* **EXERCISE OBJECTIVE**:
Excluding pictures, what does the listing below contain from the line with "PEC da Segurança" up to and including the line with "JFBL Hot Garden", word for word?

* **DATA FOR THE TASK**:
------------
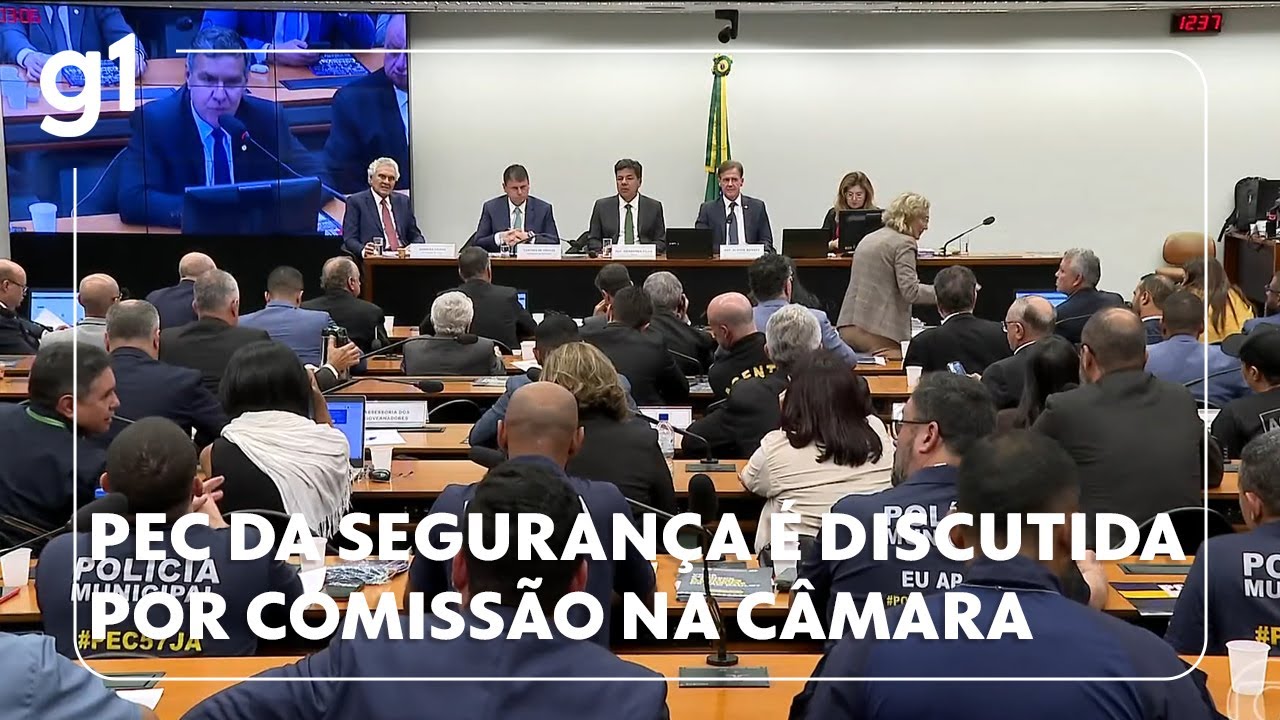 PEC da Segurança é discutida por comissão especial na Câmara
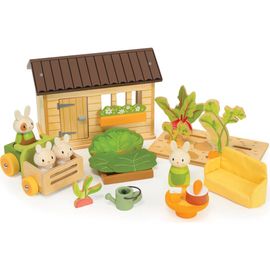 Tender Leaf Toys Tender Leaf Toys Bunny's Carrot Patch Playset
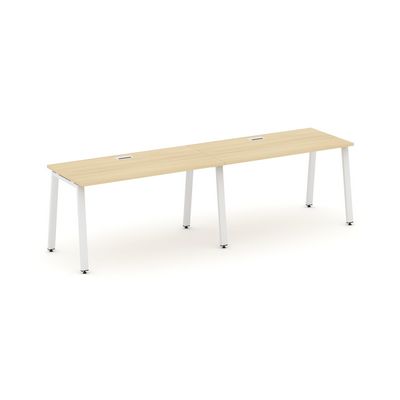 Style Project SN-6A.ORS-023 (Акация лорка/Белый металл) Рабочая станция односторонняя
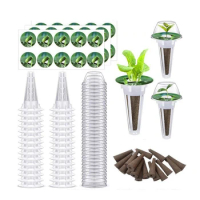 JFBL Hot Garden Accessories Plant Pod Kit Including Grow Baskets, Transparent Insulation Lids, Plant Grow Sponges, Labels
------------
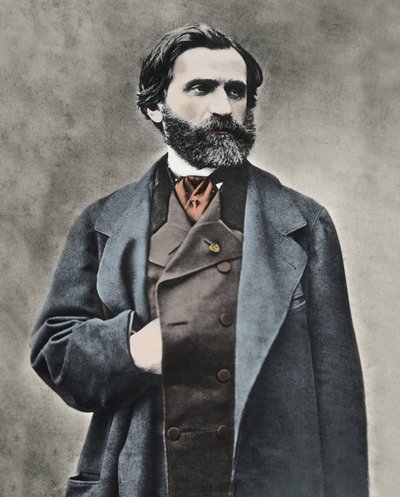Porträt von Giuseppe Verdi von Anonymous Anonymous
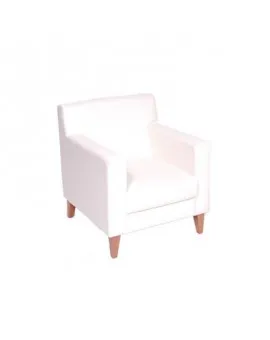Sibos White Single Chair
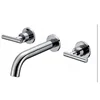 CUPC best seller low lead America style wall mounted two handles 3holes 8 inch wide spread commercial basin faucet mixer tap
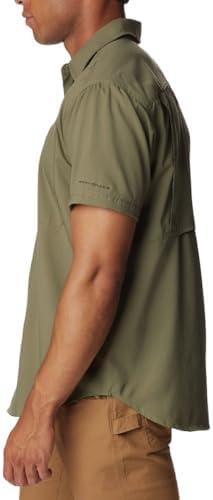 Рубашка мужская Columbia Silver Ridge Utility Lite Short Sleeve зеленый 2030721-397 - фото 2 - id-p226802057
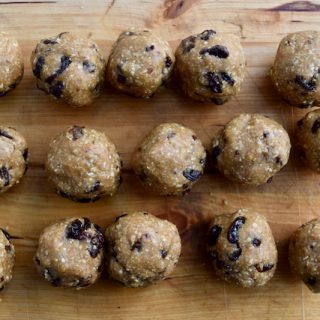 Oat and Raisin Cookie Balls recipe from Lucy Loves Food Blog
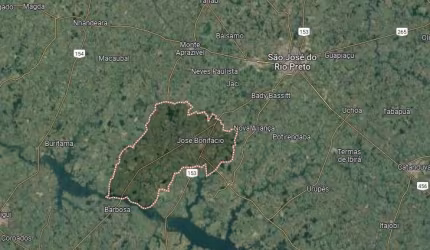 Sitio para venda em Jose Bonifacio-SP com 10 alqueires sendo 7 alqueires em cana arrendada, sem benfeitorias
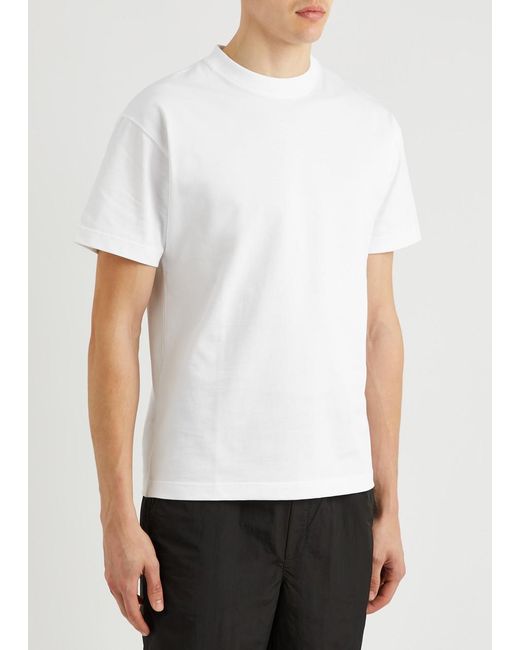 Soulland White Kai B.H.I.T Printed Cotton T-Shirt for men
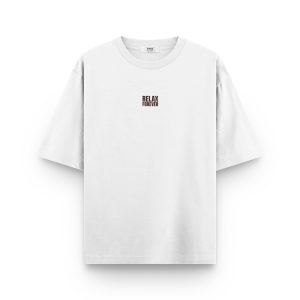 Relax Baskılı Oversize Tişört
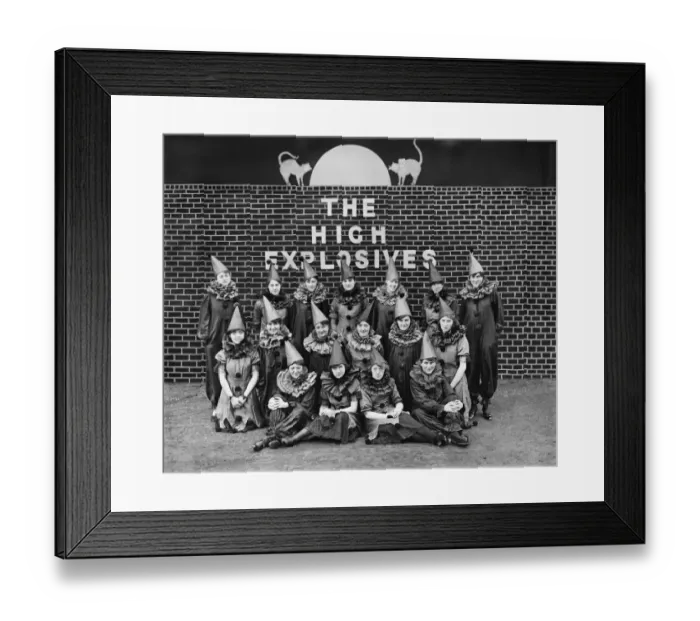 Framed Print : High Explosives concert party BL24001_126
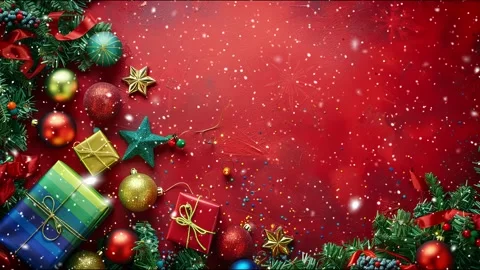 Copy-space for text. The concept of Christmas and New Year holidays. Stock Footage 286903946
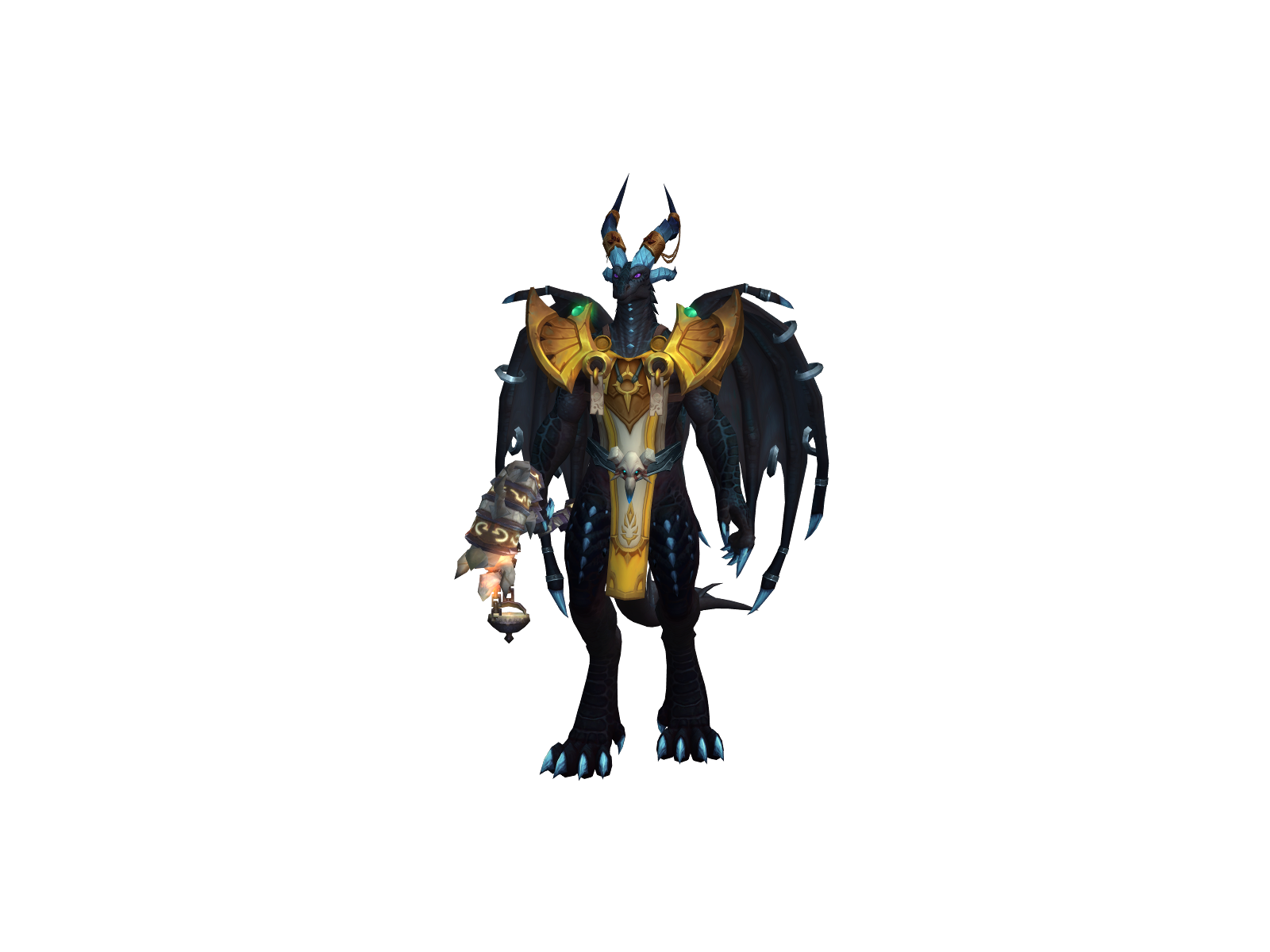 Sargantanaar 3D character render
------------
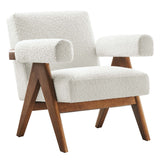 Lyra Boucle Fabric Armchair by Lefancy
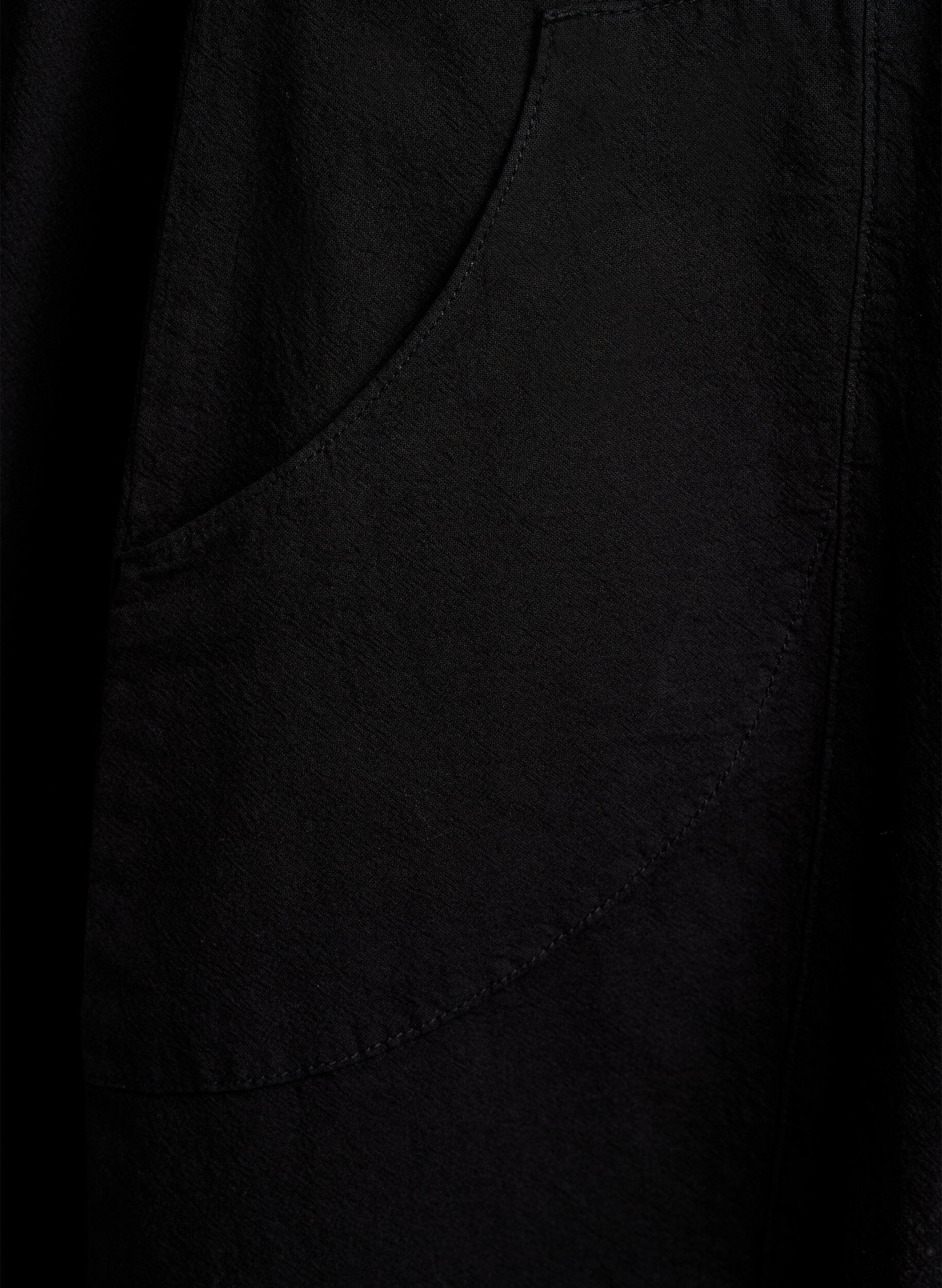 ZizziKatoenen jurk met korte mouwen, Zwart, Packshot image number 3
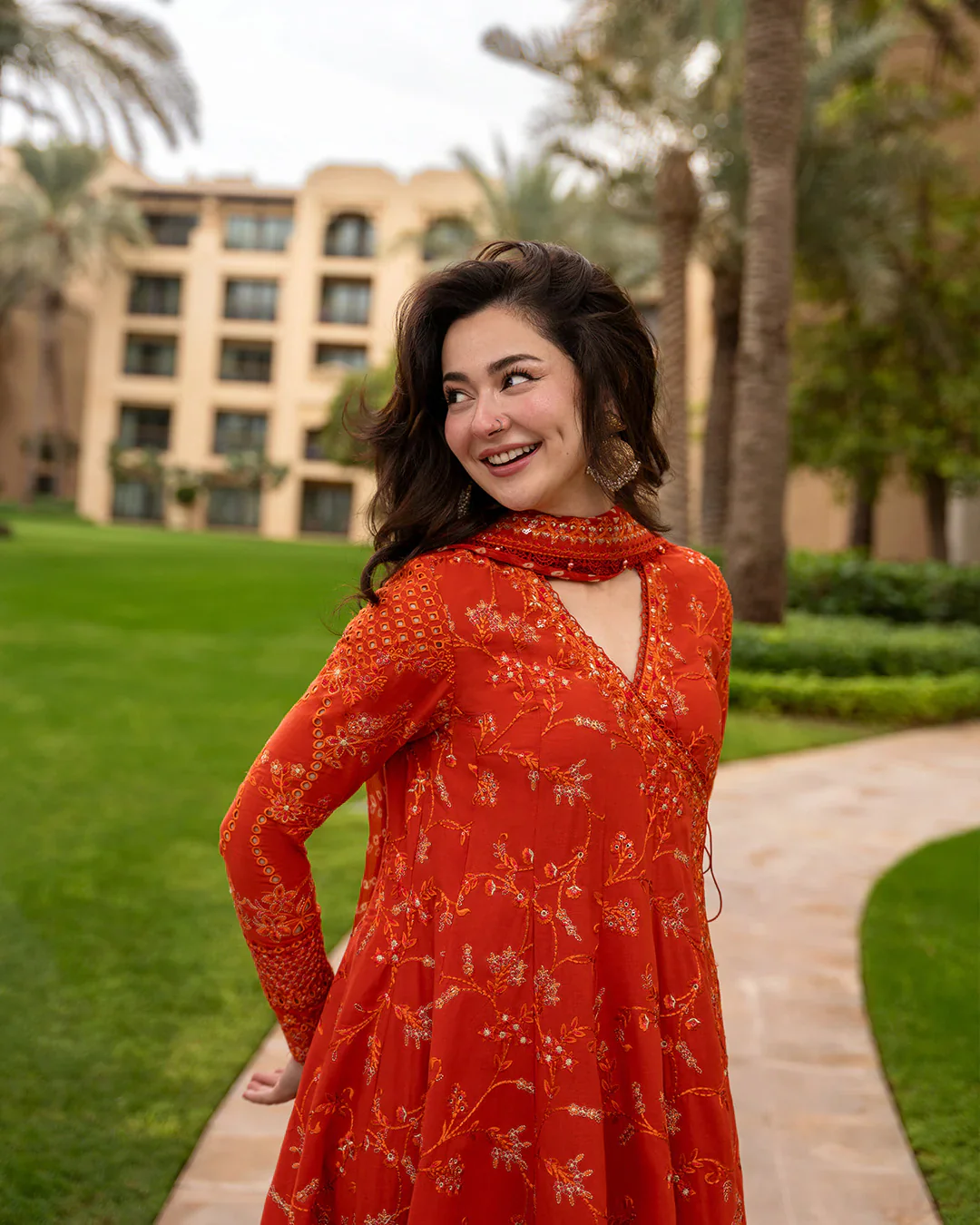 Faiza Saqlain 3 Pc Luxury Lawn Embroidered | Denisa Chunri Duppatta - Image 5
------------
* **SOLUTION TO THE EXERCISE**:
 PEC da Segurança é discutida por comissão especial na Câmara
 Tender Leaf Toys Tender Leaf Toys Bunny's Carrot Patch Playset
 Style Project SN-6A.ORS-023 (Акация лорка/Белый металл) Рабочая станция односторонняя
 JFBL Hot Garden Accessories Plant Pod Kit Including Grow Baskets, Transparent Insulation Lids, Plant Grow Sponges, Labels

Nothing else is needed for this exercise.